As a concrete example, consider the completely multiplicative function defined by $f(p)=i$ for all primes $p$. The Dirichlet series of this function has the Euler product $$L(s,f)=\prod_p \left(1-\frac{i}{p^s}\right)^{-1},$$ and by taking logs, we see that $$\log L(s,f) = -\sum_p \log\left(1-\frac{i}{p^s}\right) = i \sum_p \frac{1}{p^s} + O(1) = i\log\left(\frac{1}{s-1}\right)+\theta(s),$$ where $\theta(s)$ is analytic if $\Re(s)\geq 1$. By taking the limit as $s\to 1$ in this right half-plane, we see that the argument of $L(s,f)$ goes to infinity while its absolute value converges to something non-zero (at least along the real axis), whence $L(s,f)$ has an essential singularity at $s=1$. Standard Dirichlet series techniques (Perron's formula, for example) let us say that the partial sums of $f$, $$S_f(x):=\sum_{n\leq x} f(n),$$ are not $O(x^{1-\epsilon})$ for any $\epsilon>0$, but to my knowledge, this is the best these techniques can achieve. By using a quantitative version of Halasz's theorem, I imagine it should be possible to show that $$S_f(x) \ll x \frac{\log\log^A x}{\log x}$$ for some $A\geq 1$. This bound is pretty good, in that it achieves quantitative savings over the trivial bound $O(x)$, but I have no idea if it is the truth in some sense, and it's also easy to imagine situations in which using Halasz's theorem is not feasible (essentially, $f(p)=i$ is a nice, consistent choice).

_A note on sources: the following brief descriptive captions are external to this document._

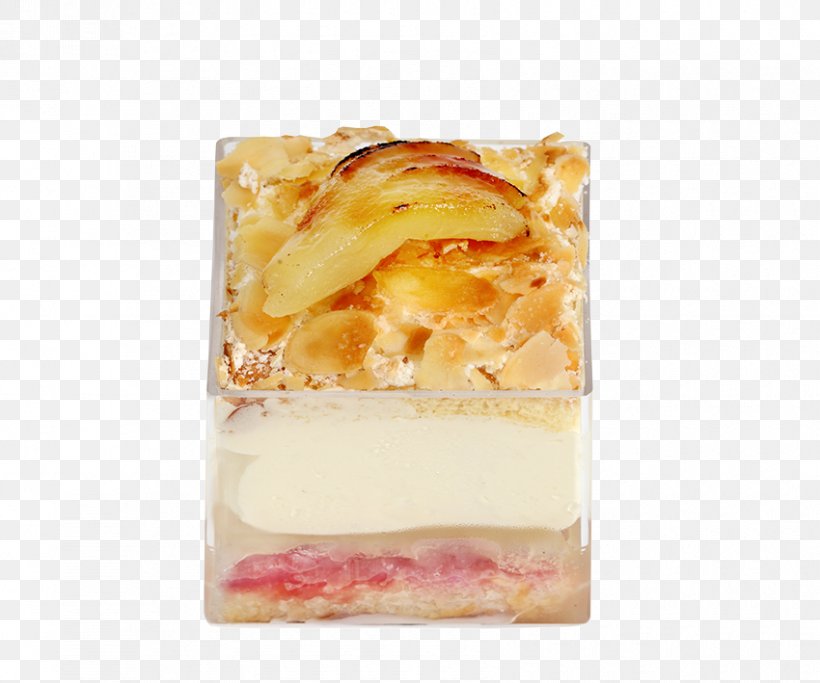 Recipe Bananas Foster Frozen Dessert Dessert Sauce, PNG, 850x709px, Recipe, Apples, Balgrist, Bananas Foster, Cooking Download Free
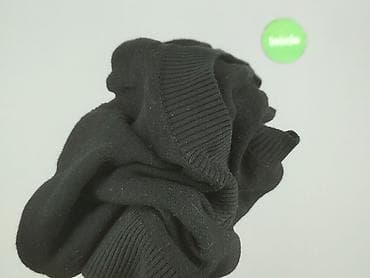 age bluza: Sweter damski, rozmiar S — 6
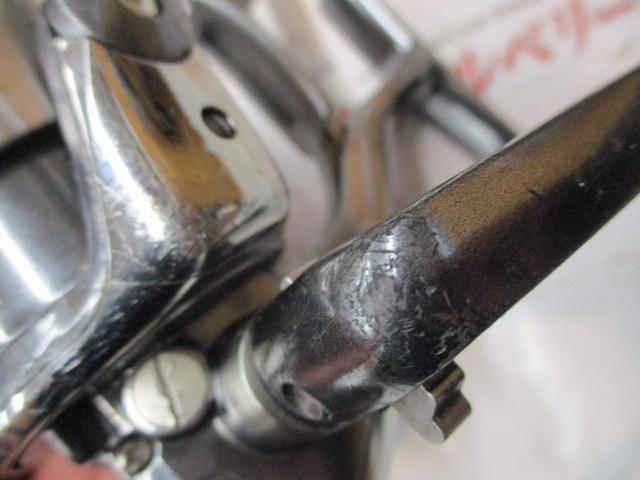 01BB-Xテクニウム 3000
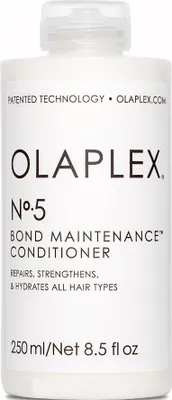 Image de No. 5 Bond Maintenance Conditioner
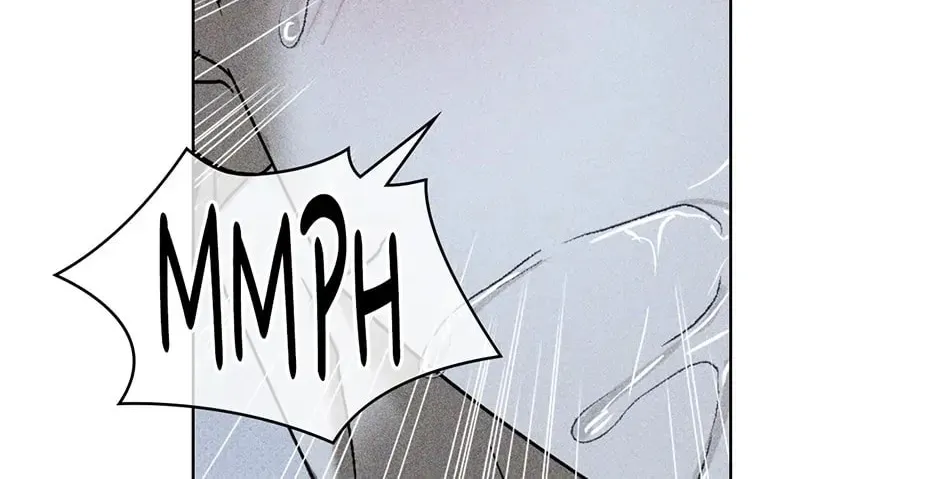 Under the Greenlight Chapter 48 page 92 -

My question is this: What can be said about $S_f(x)$? Are there good lower bounds for it? Is there a way, even heuristically, to determine its order of magnitude, or even just to get better upper bounds? More generally, are there techniques other than the standard Dirichlet series approach and Halasz's theorem to get good upper bounds on partial sums of such functions?